Praktische Reisetipps


Essen Sie etwa Ihre Spaghetti mit Löffel, oder haben Sie sich grade am Tisch die Nase geschnäuzt? Bei Essensgewohnheiten hört für viele der Spaß auf, und wenn Sie nicht aufpassen, werden Ihnen im nächsten Urlaub solche Bemerkungen oder sehr viel mehr sagende Blickende begegnen. In unseren Nachbarländern lauern hinter Sitten und Bräuchen rund ums Essen so einige Fettnäpfchen, in die Sie lieber nicht rein treten möchten.
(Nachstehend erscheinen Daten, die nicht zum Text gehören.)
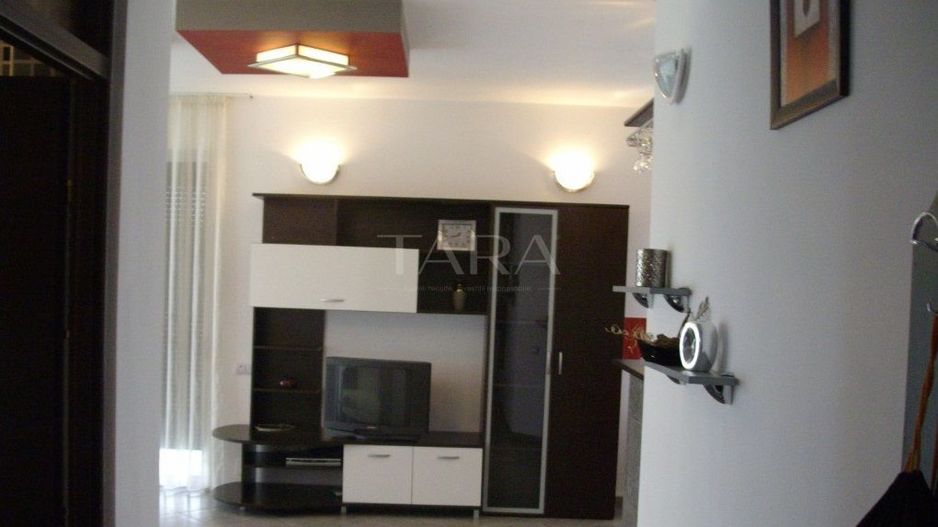 Penthouse 2 camere cu terasă panoramică – Europa - Poză 5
Fangen wir mit einem nicht ganz so ausgefallenen Land an: Luxemburg. Hier gibt es nicht übermäßig viel zu beachten, denn Nähe schafft Gemeinsamkeiten - das Essen von Deutschlands kleinem Nachbarn unterscheidet sich nicht allzu sehr von unseren Gewohnheiten. Doch es gibt eine Kuriosität, die Sie am besten einfach ignorieren, wenn Sie Ihnen widerfährt: Bestellen Sie in einem Café einen Kuchen, wird Ihnen immer ein Messer dazu serviert. Irritierte Blicke oder gar ein dankendes Ablehnen des Messers kann schnell auf Unverständnis und Ärger beim Kellner führen, denn in Luxemburg ist das Messer zum Kuchen einfach ein Muss. Auch wenn Sie es nicht benutzen möchten, lassen Sie es einfach unkommentiert neben sich liegen.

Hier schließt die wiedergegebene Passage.